November 16, 2011

How to Pick Up Portland Girls X

I went to New York last weekend and it was glorious. There is nothing like a long weekend to ward off the impending doom of winter doldrums. While I was there, I basked in the differences of the coasts, the odd sartorial choices of stray dogs, the neverending food and drink opportunities, and the slightly more aggressive path that East coast males feel obligated to take. I have a single friend there; we went out to bars and talked about various dating disasters and feelings and all that shit. Along the way I had some epiphanies.

Be a Metal Guy: Somewhere between the Bushwick Social Club and Ontario (Canada-themed bar, woodsy is in) I had an epiphany. My friend should be dating a metal guy. Metal guys are awesome. They always have been. Remember? While some of you were busy being dorks in thin cotton turtle necks and Charlotte Hornets starter jackets and playing Nerf football, the metal guys were wearing their black t-shirts covered with horrifying things under a sheepskin lined denim jacket and scratching band insignia into their binders with a protractor. They can play instruments, they have an encyclopedic memory of bands and rock history, and they will never make you listen to some song that they made using an Ipad app. 

The more I pushed this epiphany on my friend, the more I convinced her and myself. Metal guys are dorks but in an awesome, unselfconscious way. They don't like a band because it's cool, they like it because it rocks. They are loyal. They don't jump on bandwagons. They have nice hair. We went to a rock show on Saturday night and my friend was impressed by the amount of guys present, though the cute baby-faced one did turn out to be a girl. Either way, the crowd showed a refreshing enthusiasm that has been missing since dudes stopped dancing and started perfecting the toe tap. Metal guys will always have my vote.

Get Aggressive: West coast guys could learn something from East coast guys. I'm not saying you should try on some sort of Jersey Shore affectation, but there was a refreshing amount of eye contact in the bars. A random sidewalk approach even occurred, which obviously, was spurned but represented a determination that is sorely lacking here in the land of pines and rain. Let's be honest. People go to bars to meet other people. I'm not sure why, because it appears to be practically impossible, but when one is single, one goes to bars and looks around and hopes there is someone there who finds them attractive and loves kittens, gluten-free beer and dead-stock Levis as much as they do. Stop pretending you don't want to meet a lovely lady at the bar, make actual eye contact with someone, and maybe try to chat with her.
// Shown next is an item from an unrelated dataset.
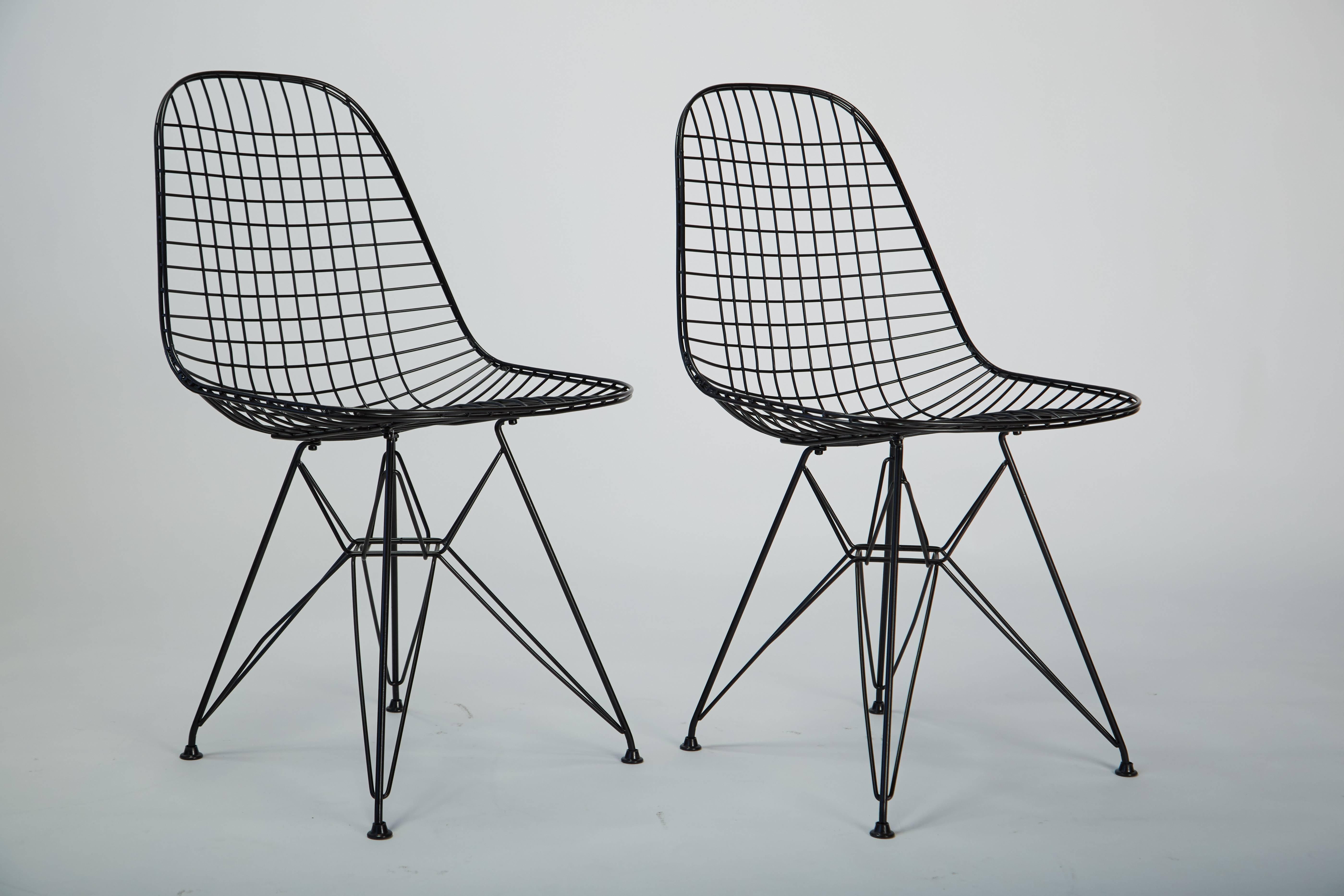 American Pair of Eames Wire Chairs DKR Eiffel Tower Base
Try the Internet: Not just for sexual predators and women who are obsessed with marriage, cats, and long walks on the beach. Apparently everyone is doing it. There is no shame in internet dating. It may in fact be the dating mechanism of the future, and someday people will feel awkward and embarrassed when telling the story of how they met on a ferry when her hat flew off and hit him in the face. Not convinced? I know someone who is dating an attractive stripper. This happened via a popular free online dating service. Seriously. It doesn't mean you're ugly and desperate, it just means you want to date someone.

1 comment:

Gentleman's Time said...

THANK YOU for endorsing metal doodz, Rachel. METAL 4 LYFE.